**Available data:**
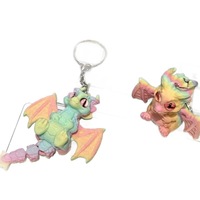 Adorable figurine de dragon en PLA imprimée en 3D, nouveau design, porte-clés mobile, breloque de sac, figurine articulée pour les 14 ans et plus, unisexe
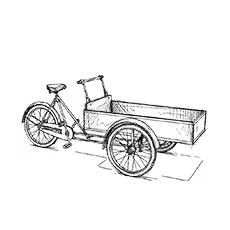 Driewielige bakfiets met houten laadbak en metalen frame.
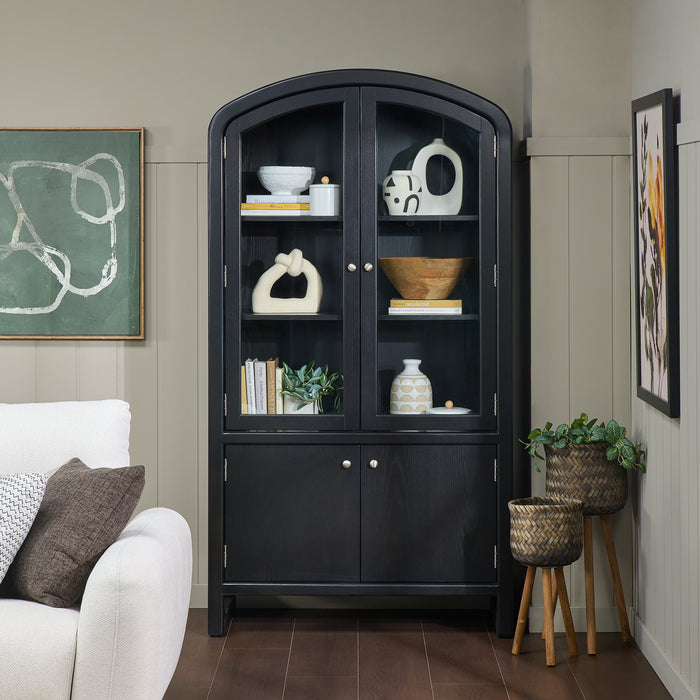 Armoire vitrée de salle à manger Alma, 42 po (L) x 78 po (H), avec rangement - anthracite noir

**What the exercise asks:**
Give the data again exactly as written, with no pictures included.

**Answer for this exercise:**
 Adorable figurine de dragon en PLA imprimée en 3D, nouveau design, porte-clés mobile, breloque de sac, figurine articulée pour les 14 ans et plus, unisexe
 Driewielige bakfiets met houten laadbak en metalen frame.
 Armoire vitrée de salle à manger Alma, 42 po (L) x 78 po (H), avec rangement - anthracite noir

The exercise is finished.